By section 64, if it appeared from the report that three-fifths of the qualified voters of the county, voting upon the question, were in favor of subscription, and that such three-fifths included a majority of the votes cast by freeholders at such election, and a majority of the registered voters of the county, the county court was directed to enter of record an order requiring the supervisors of the county 'to attend on a day and at a place named in the order, to carry out the wishes of the voters, as expressed at said election.'
Under section 65 the board of supervisors were to determine what amount of the capital stock, not exceeding the maximum, should be subscribed for on behalf of the county, to enter the amount on record, and to appoint an agent or agents to make the subscription, which subscription should be paid in such installments as agreed upon by the board or called for by the company.
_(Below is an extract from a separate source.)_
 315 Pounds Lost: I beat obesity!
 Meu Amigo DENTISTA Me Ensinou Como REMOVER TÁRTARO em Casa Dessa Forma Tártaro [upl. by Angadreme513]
By section 66 it was provided that:
'For the purpose of paying the quotas on said stock, or the said installments, as they may be called for, or fall due, the board of supervisors * * * shall have power to appoint an agent or agents to negotiate a loan or loans, and to issue bonds to secure the payment of the same, for and in the name of said county, * * * which may be either registered or coupon, as may be prescribed; and when the levy is made, * * * in said county * * * a tax shall be levied on all property liable to state tax in such county, * * * to pay the amount of such subscription or of such loan, and interest thereon, or to pay the interest on the bonds so issued, and to create a sinking fund to redeem the principal thereof, as the authority ordering the levy or tax may deem necessary or proper; and from year to year said levy or assessment shall be made until the debt and interest are paid. But such levy or assessment for a year shall not exceed one-tenth of the whole amount of such subscription, with the interest thereon.' Code Va. 1873, pp. 593-595.
Chapter 8 of the Code treated of general and special elections, and the conduct and notice thereof. General elections were to be held throughout the state on the fourth Thursday in May and on the first Tuesday after the first Monday in November in each year.
Richard Walke, for the motion.
E. P. Buford, opposed.
Mr. Chief Justice FULLER, after stating the facts in the foregoing language, delivered the opinion of the court.
The determination of the jurisdiction of this court to review the judgment of a state court, under section 709 of the Revised Statates, necessarily devolves upon the court itself: and, while the certificate of the presiding judge of the state court as to the existence of the state of the case upon which our interposition may be successfully invoked is always regarded with respect, it cannot confer jurisdiction upon this court to re-examine the judgment below. Lawler v. Walker, 14 How. 149; Railway Co. v. Rock, 4 Wall. 177; Parmelee v. Lawrence, 11 Wall. 36; Caperton v. Bowyer, 14 Wall. 216; Brown v. Atwell, 92 U. S. 327; Gross v. Mortgage Co., 108 U. S. 477, 2 Sup. Ct. 940; Felix v. Scharnweber, 125 U. S. 54, 8 Sup. Ct. 759; Roby v. Colehour, 146 U. S. 153, 13 Sup. Ct. 47.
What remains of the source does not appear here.